- **Try it**: Below are some records; give them all again exactly, but not the pictures.

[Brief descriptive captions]
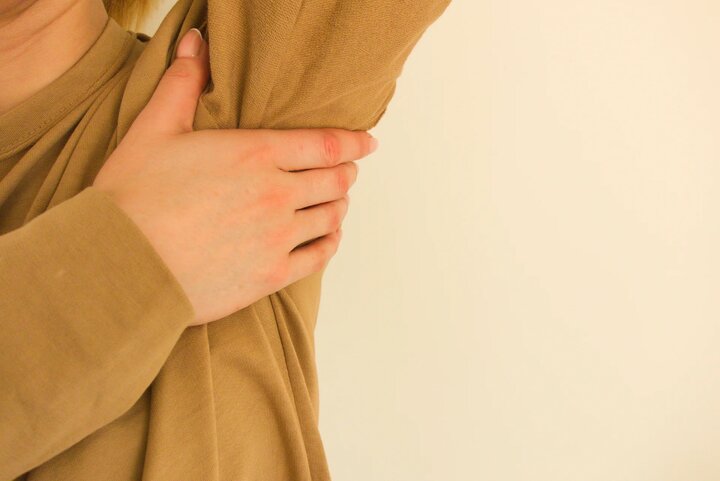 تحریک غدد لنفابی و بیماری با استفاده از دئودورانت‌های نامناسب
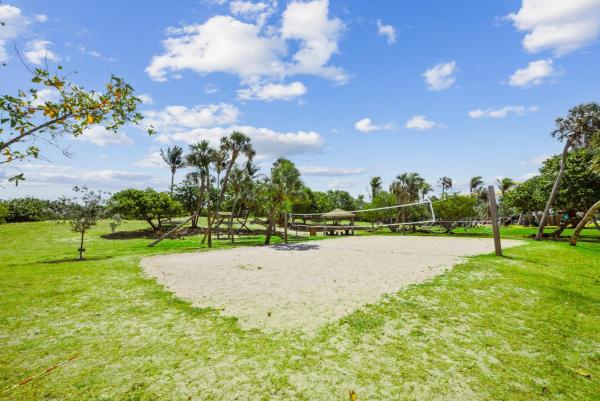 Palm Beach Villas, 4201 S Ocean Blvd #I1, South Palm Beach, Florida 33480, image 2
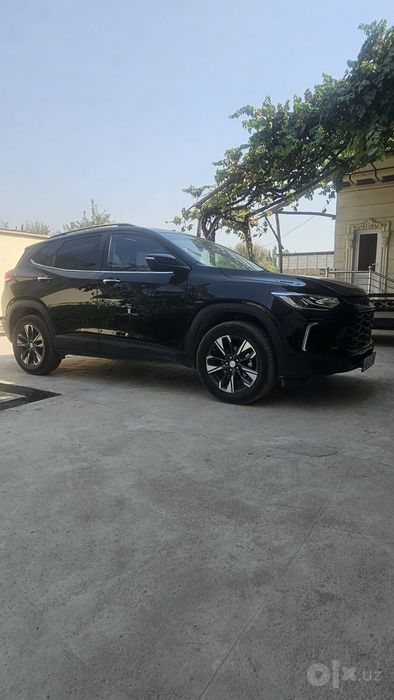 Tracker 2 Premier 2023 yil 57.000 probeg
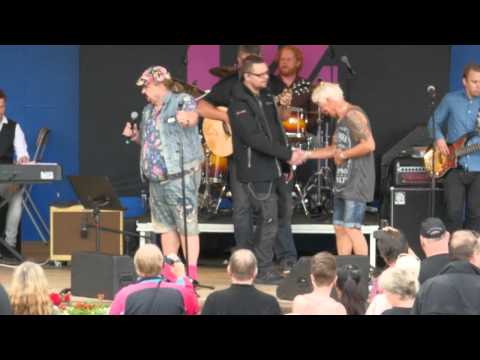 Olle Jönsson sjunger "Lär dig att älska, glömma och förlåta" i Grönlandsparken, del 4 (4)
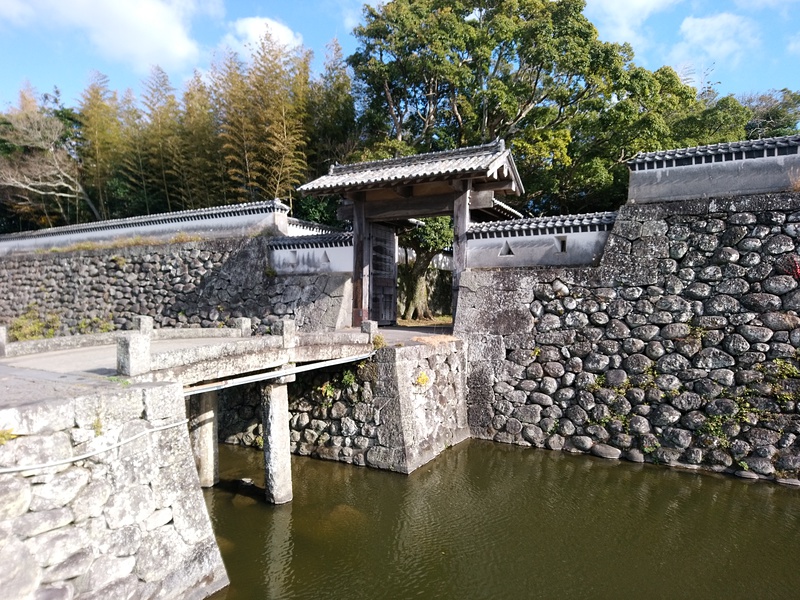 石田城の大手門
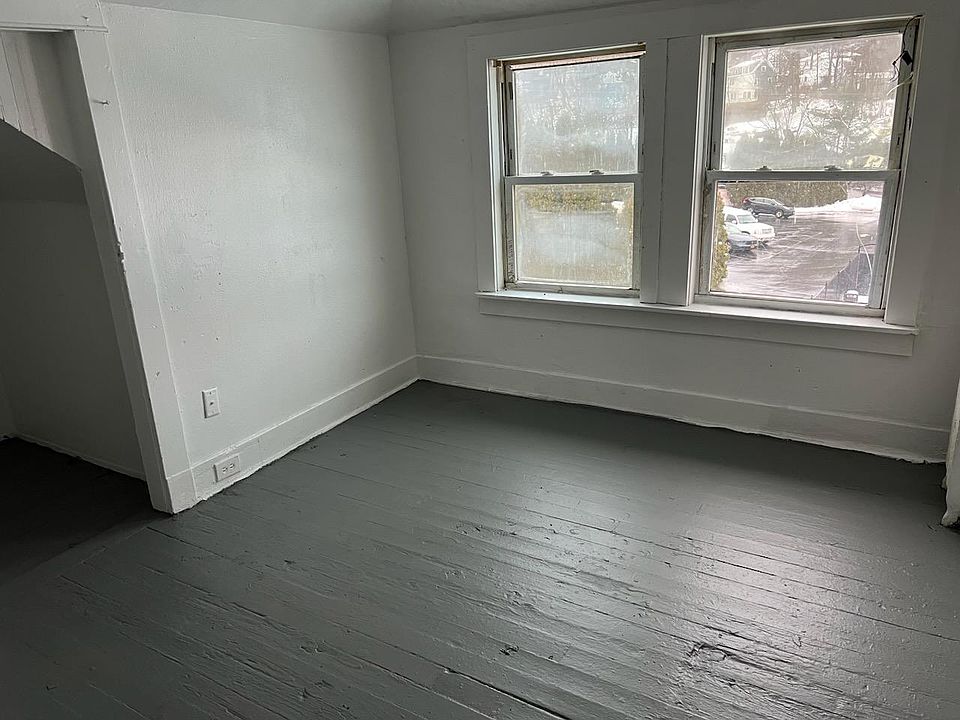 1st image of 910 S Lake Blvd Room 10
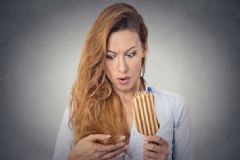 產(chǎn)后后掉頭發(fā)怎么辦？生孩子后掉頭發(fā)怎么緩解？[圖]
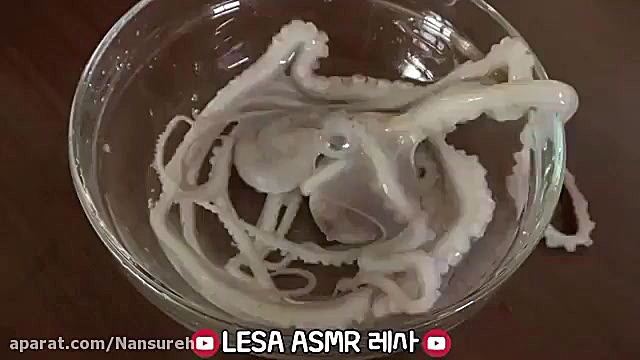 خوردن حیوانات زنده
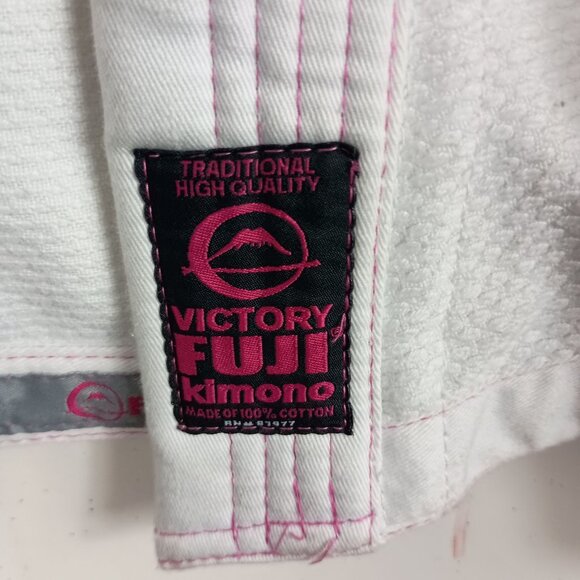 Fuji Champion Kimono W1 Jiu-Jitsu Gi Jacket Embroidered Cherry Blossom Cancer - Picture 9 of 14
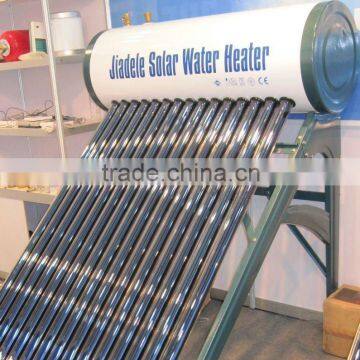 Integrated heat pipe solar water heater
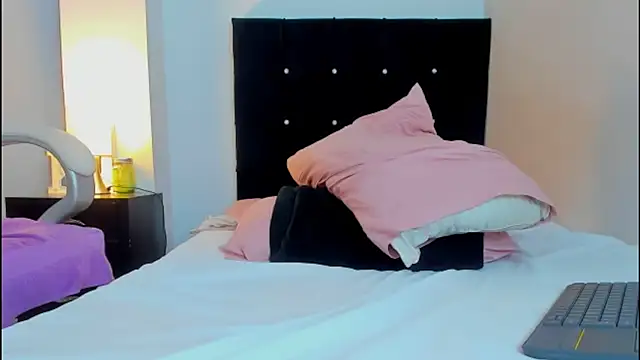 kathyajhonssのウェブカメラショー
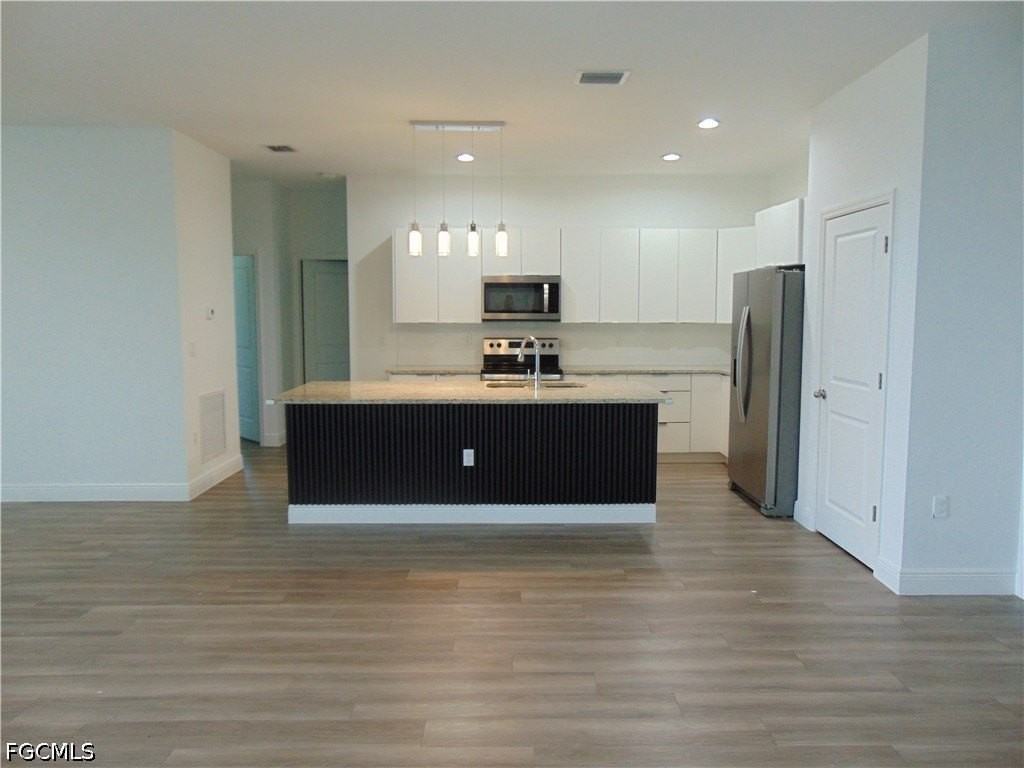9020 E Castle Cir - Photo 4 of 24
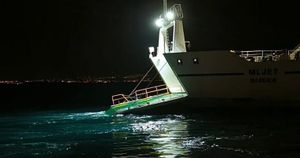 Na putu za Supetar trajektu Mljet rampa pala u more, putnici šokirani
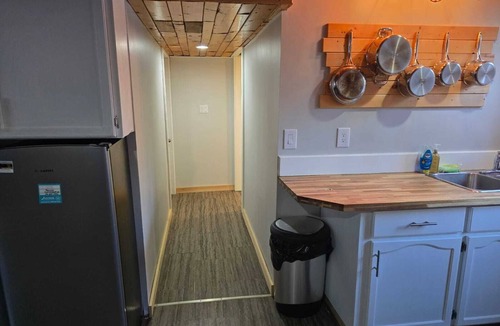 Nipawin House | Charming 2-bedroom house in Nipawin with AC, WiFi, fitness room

- **Written reply**:
 تحریک غدد لنفابی و بیماری با استفاده از دئودورانت‌های نامناسب
 Palm Beach Villas, 4201 S Ocean Blvd #I1, South Palm Beach, Florida 33480, image 2
 Tracker 2 Premier 2023 yil 57.000 probeg
 Olle Jönsson sjunger "Lär dig att älska, glömma och förlåta" i Grönlandsparken, del 4 (4)
 石田城の大手門
 1st image of 910 S Lake Blvd Room 10
 產(chǎn)后后掉頭發(fā)怎么辦？生孩子后掉頭發(fā)怎么緩解？[圖]
 خوردن حیوانات زنده
 Fuji Champion Kimono W1 Jiu-Jitsu Gi Jacket Embroidered Cherry Blossom Cancer - Picture 9 of 14
 Integrated heat pipe solar water heater
 kathyajhonssのウェブカメラショー
9020 E Castle Cir - Photo 4 of 24
 Na putu za Supetar trajektu Mljet rampa pala u more, putnici šokirani
 Nipawin House | Charming 2-bedroom house in Nipawin with AC, WiFi, fitness room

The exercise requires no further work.